Research

Computational methods for advanced materials and manufacturing

In recent years, a novel opportunity has emerged within the realm of product, materials, and process (PMP) design, thanks to the advancements in advanced manufacturing, computational hardware, and artificial intelligence algorithms, all of which facilitate the processing and storage of vast amounts of big data. My research is centered on comprehending the intricate interplay between mechanics, materials, and manufacturing, with the ultimate objective of achieving the development of next-generation products. My interest lies in the development of computational tools and methodologies aimed at addressing the substantial challenges entailed in the manufacturing of advanced materials systems on a large scale.
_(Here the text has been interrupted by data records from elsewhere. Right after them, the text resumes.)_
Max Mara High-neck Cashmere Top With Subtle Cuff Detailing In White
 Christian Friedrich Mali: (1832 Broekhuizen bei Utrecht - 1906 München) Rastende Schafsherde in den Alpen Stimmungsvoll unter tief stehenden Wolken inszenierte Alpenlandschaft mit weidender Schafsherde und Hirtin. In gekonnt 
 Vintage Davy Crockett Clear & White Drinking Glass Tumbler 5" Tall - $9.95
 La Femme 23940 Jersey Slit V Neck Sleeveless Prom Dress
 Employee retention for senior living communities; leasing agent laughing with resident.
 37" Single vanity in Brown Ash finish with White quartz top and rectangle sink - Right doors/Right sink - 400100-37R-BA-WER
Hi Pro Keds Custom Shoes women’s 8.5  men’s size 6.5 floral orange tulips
Multiscale, multi-physics, and multifidelity modeling of intelligent materials system

3D/4D printing offers us the opportunity to print multifunctional materials. To fully leverage this potential, it is imperative to advance microstructure characterization across various scales, coupled with Multiphysics modeling to encompass the intricate processing involved. Moreover, the integration of experiments and simulations, characterized by differing fidelity levels, necessitates a robust strategy. The analysis of multifidelity data, in conjunction with calibration techniques for capturing uncertainties and sensor-generated noise, stands as a critical endeavor. Novel methodologies are paramount to surmount these challenges, ultimately enabling more proficient design and manufacturing of intelligent material systems. These advancements find application in diverse fields, including soft robotics and beyond.